The implementation of the Virginia Overtime Wage Act (VOWA) on July 1 serves as a reminder to all dealerships across the country to consider federal, state, and local law when classifying employees for wage and hour purposes. Prior to July 1, Virginia dealerships were simply governed by federal wage and hour law and were not required to pay overtime premium for hours worked over 40 in a workweek to salespersons, service advisors, technicians and partsmen who meet the exemption’s duty requirements. But we now live in a different era, and dealerships must adjust. You should use Virginia’s changes to be the spark that pushes you to review your wage and hour policies regardless of your dealership’s location.
What Changed in Virginia?
Absent further clarification from the Virginia Department of Labor and Industry to the contrary, the VOWA now requires Virginia dealerships to pay overtime premium for hours worked in excess of 40 in a workweek to classifications of employees who are not eligible for overtime pay under federal law. VOWA is unclear as to the continued availability of the federal “commission-paid” overtime exemption.

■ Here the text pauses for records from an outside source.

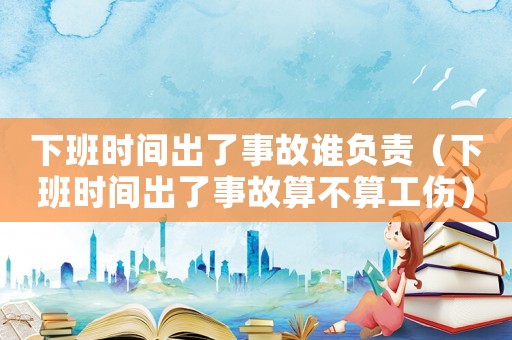 下班時(shí)間出了事故誰(shuí)負(fù)責(zé)（下班時(shí)間出了事故算不算工傷）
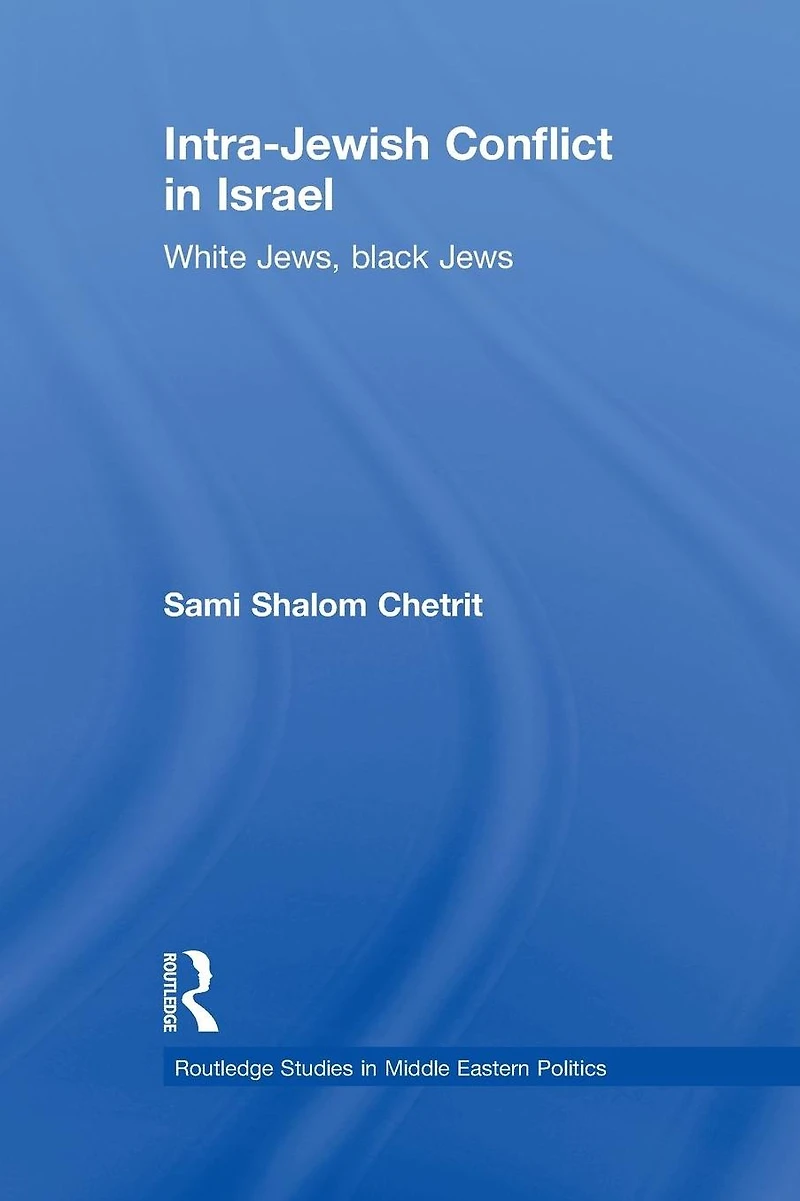 Intra-Jewish Conflict Israel: White Jews, Black Jews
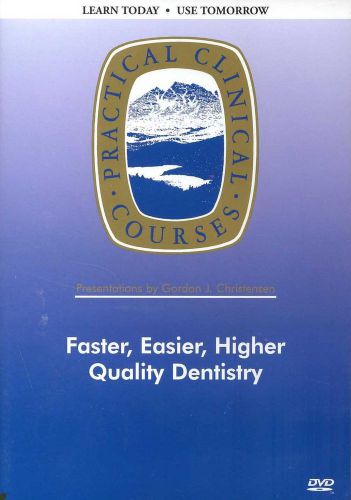 Gordon Christensen - Faster, Easier, Higher Quality Dentistry - DVD -Dental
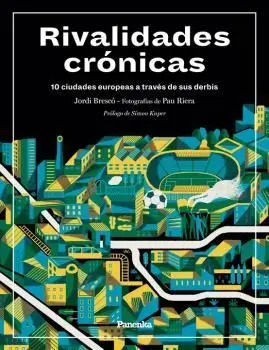 Rivalidades Cronicas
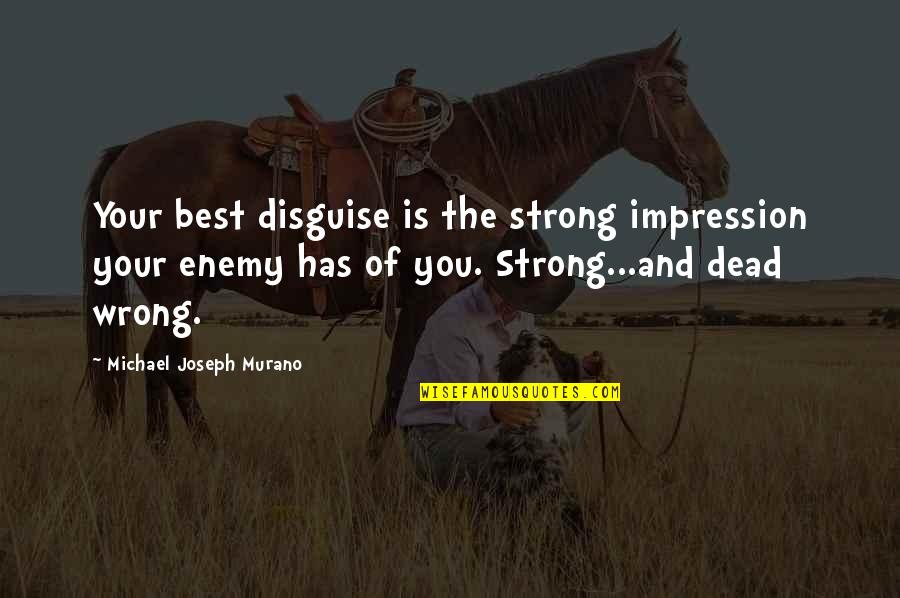 Epic Fantasy Quotes By Michael Joseph Murano: Your best disguise is the strong impression your Epic Fantasy Quotes By Michael Joseph Murano: Your best disguise is the strong impression your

The new law also sets forth how Virginia employers are required to calculate the “regular rate” for overtime purposes – a method that is different than the one used under federal law. Under Virginia law, the regular rate calculation depends on whether the employee is paid on a salaried or hourly basis. For salaried employees, the regular rate is one-fortieth of wages paid for the workweek. For hourly employees, the regular rate is the hourly rate in addition to other non-overtime wages (not including any amounts excluded by the federal Fair Labor Standards Act) paid for the workweek, divided by the total number of hours worked in the workweek.
Good Reminder for ALL Dealerships
Although this new law only impacts dealerships in Virginia, the enactment of VOWA serves as a reminder to all dealerships – regardless of your location – to ensure compliance with all applicable federal, state, and local laws. Where there are differences between applicable laws, the law that is most favorable to the employee controls.
For example, under federal law, someone employed by a “nonmanufacturing establishment” primarily engaged in selling automobiles and/or trucks to ultimate purchasers AND whose primary duty is selling automobiles and/or trucks qualifies for the overtime exemption for salespersons. This federal overtime exemption has no specific pay component, but dealerships are required to pay employees in these positions at least minimum wage for all hours worked and maintain accurate and complete time records for each employee.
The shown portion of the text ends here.